# WHAT THIS TASK INVOLVES
Look for the line containing "You gain strength, courage, and" and the line containing "1000万日元在日本能干什么呢" in the entries below. Copy those two and all lines between them exactly, leaving out pictures.

# DATA RECORDS
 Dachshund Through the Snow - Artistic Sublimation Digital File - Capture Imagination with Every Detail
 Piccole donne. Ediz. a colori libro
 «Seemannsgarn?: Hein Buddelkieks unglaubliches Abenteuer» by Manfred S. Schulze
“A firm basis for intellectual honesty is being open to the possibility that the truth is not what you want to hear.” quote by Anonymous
--
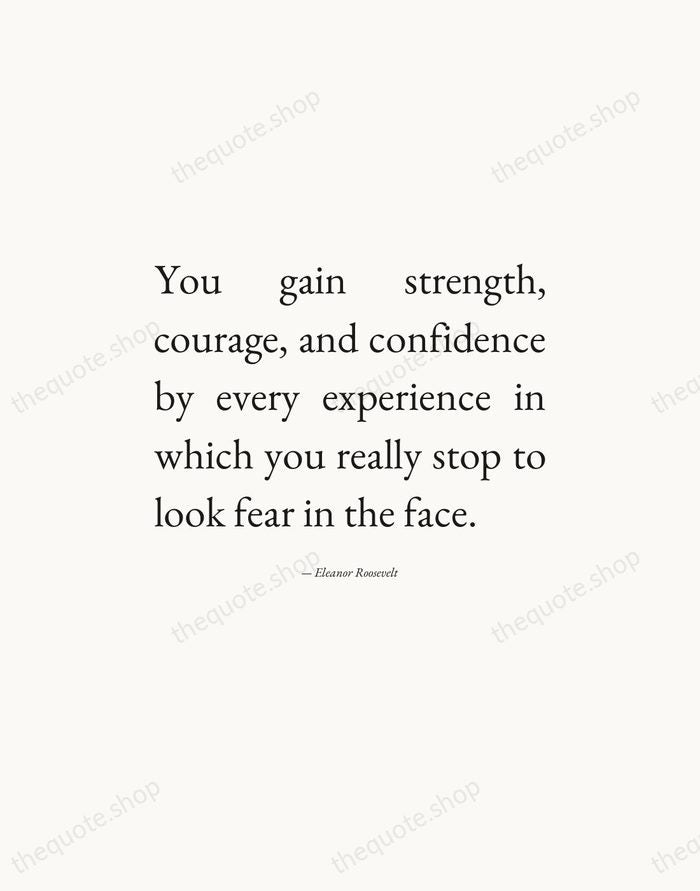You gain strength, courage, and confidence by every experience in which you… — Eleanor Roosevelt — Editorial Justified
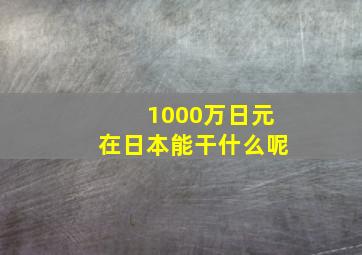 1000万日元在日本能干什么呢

# OUTPUT FOR THIS EXERCISE
You gain strength, courage, and confidence by every experience in which you… — Eleanor Roosevelt — Editorial Justified
 1000万日元在日本能干什么呢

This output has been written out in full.